Our one big challenge is sleep right now. We've been reminded that sleep is a precious, precious commodity. Parker slept through the night at five WEEKS old. And because God has a delightful sense of humor, Wesley didn't sleep through the night until he was nine MONTHS old and even then it wasn't a feat that was repeated every night. In the last two weeks Davis has been experiencing some sleep disruptions. He wakes up every couple of hours screaming. Usually we can comfort him and he goes back to sleep right away, but sometimes it's a good 30 minutes before he falls back to sleep. About four days into this I was so sleep deprived I didn't realize that I was drinking decaf coffee expecting it to help! Fortunately the disruptions are starting to taper off and Monday night he only woke up once. So what happened? Well from all of our pre-adoption training and talking with other families this seems to be an expression of grief.  The first few days it was happening the only other sign of something off was that he refused to wear any of his new shoes and would only wear the sneakers that he came to us with from China. Davis does so well during the day, that it's easy to forget that he has experienced a lot of losses in the last few months - a foster family that loved him, not to mention the loss of his country and language, as well as familiar food and smells and more. So this is a normal, natural and healthy process but still hard to watch him go through. 

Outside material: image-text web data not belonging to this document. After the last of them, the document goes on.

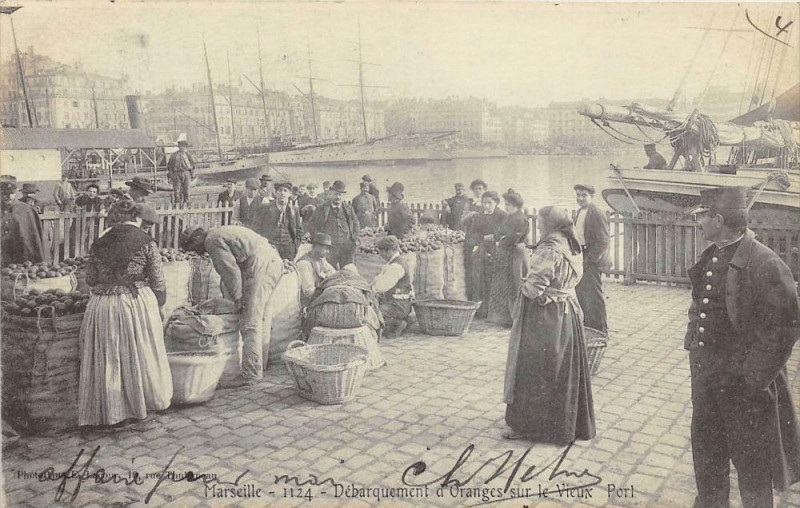 Carte postale ancienne Marseille Debarquement D'Oranges Sur Le Vieux Port (cliché rare avec le g à Marseille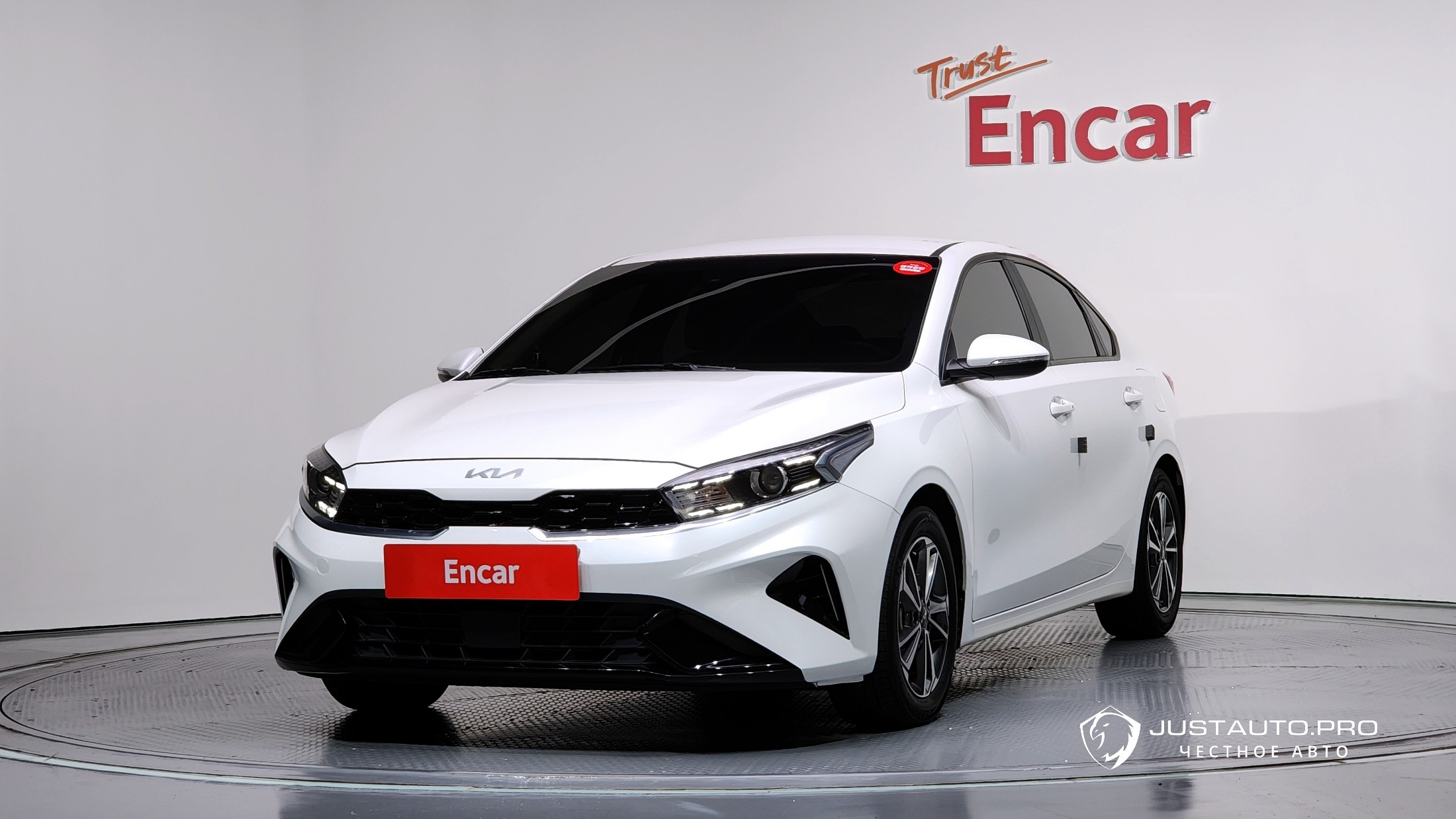 Автомобиль Kia K3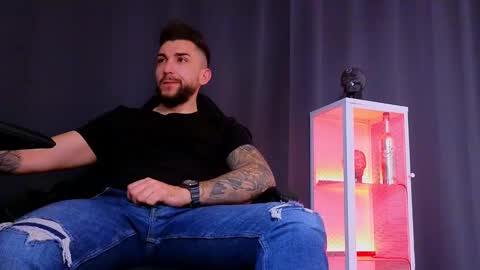 MightyAaron online show from 02.11.25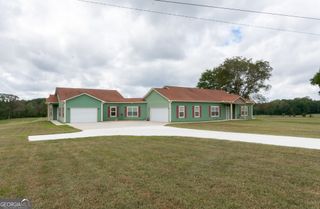 192 Hawk Road, Newnan, GA 30263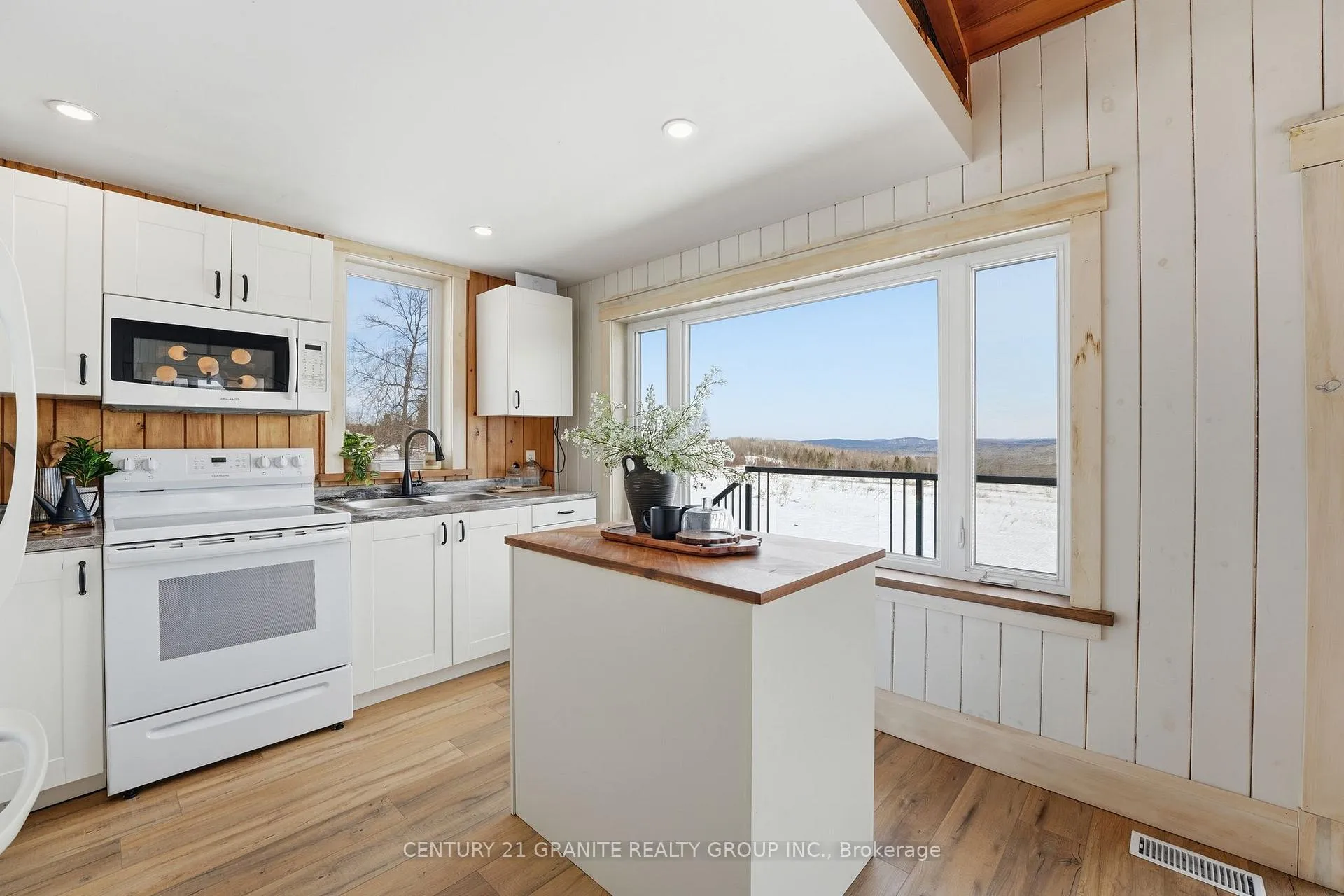 Photo 3 of 824 East Road Loop, Hastings Highlands, Monteagle Ward — HOMEH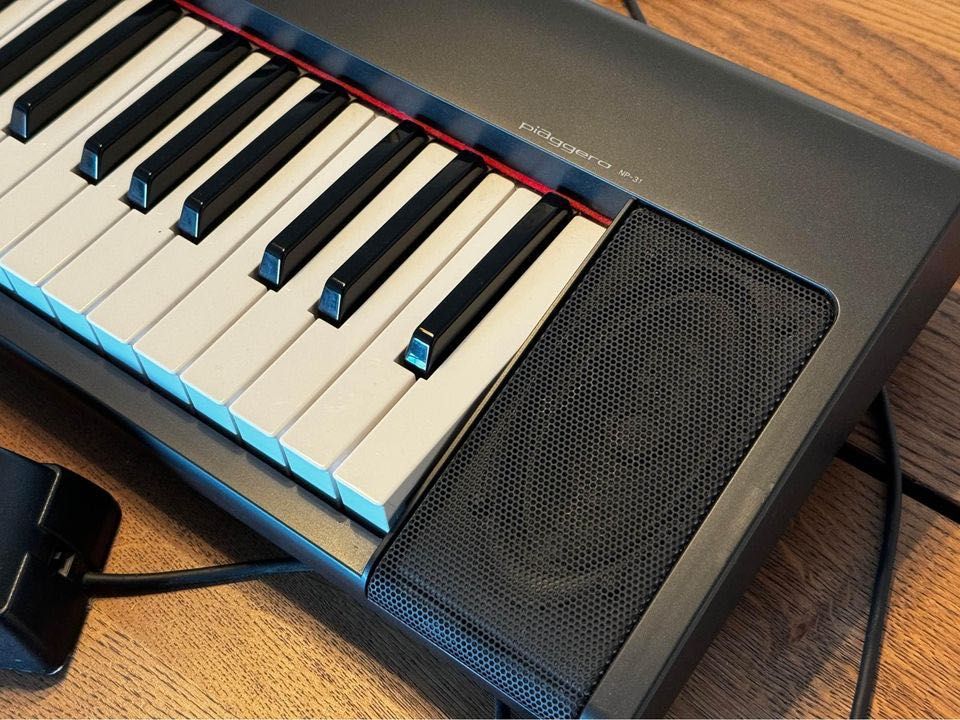 Yamaha NP-31 Piano Digital, 76 Teclas, com Pedal de Sustain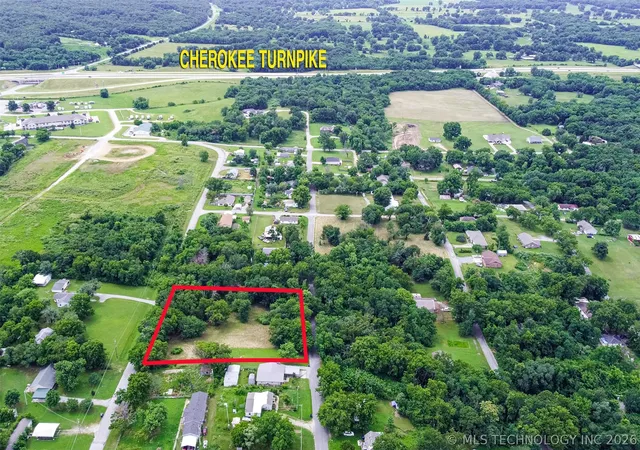 4th image of 608 S Cherokee St, Locust Grove, OK 74352 | MLS# 2625533
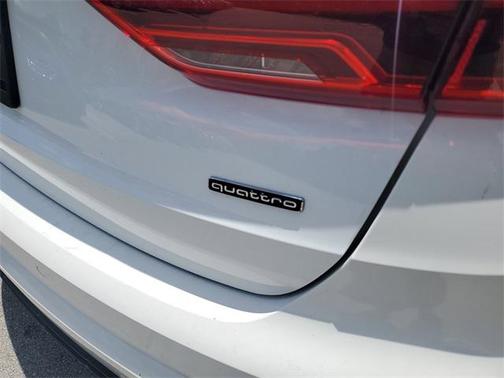 2023 Audi Q3 Premium 45 TFSI S line quattro Tiptronic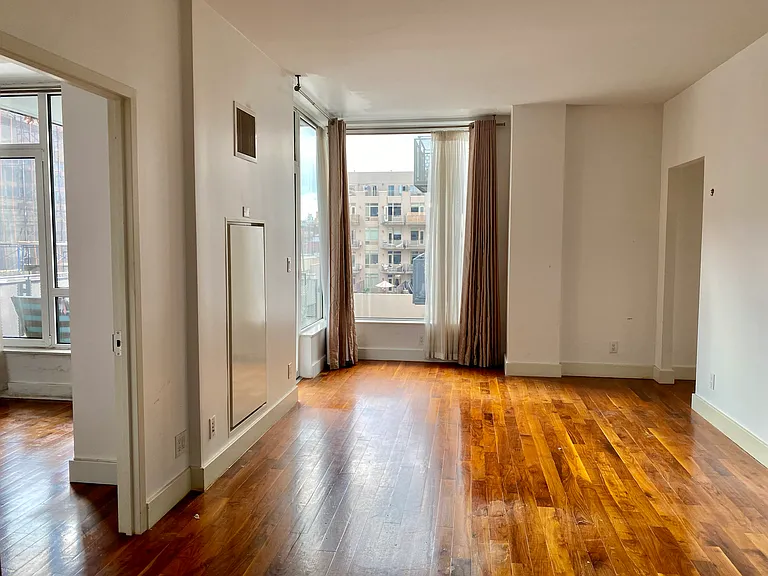 214 N 11th St #5U — Photo 15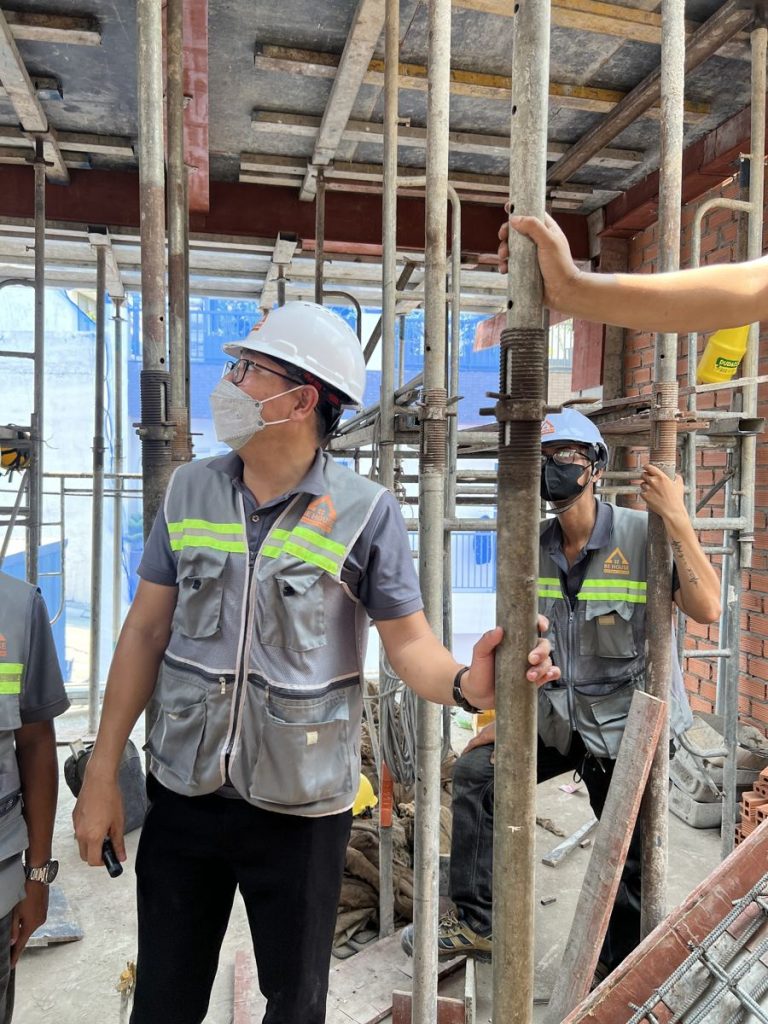 Giám sát hệ cây chống cốp pha khi thi công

The medical stuff has calmed down here lately too. All of the urine and stool specimens came back clean, so there are no digestive bugs that we need to worry about. Davis is a tiny but healthy little boy.  That is a tremendous answer to prayer. In Davis' initial referral file he was severely anemic, enough that the doctors in China ordered additional testing to check for a blood disorder called thalassemia. Depending upon the type of thalassemia some children need monitoring and others need regular blood transfusions for the rest of their lives. All of the test results were included in Davis' file but were inconclusive. The international adoption doctor and our pediatrician felt that Davis' anemia was due to being malnourished in the orphanage. But there was still a chance that he could have thalassemia and in conjunction with his cleft lip/palate that would mean there was some kind of syndrome at play and Davis could have other medical issues. We felt certain after we met him that Davis did not have thalassemia and that has been confirmed with all his test results. And not only does Davis NOT have thalassemia, but he is no longer anemic either! We only have to see the pediatrician on the same well visit schedule now as Parker and Wesley, and keep up with the cleft team for monitoring. 

So that's where we find ourselves eight weeks in. Getting to know our son more and more every day and getting used to being a family of five together. It's been quite a wonderful adventure.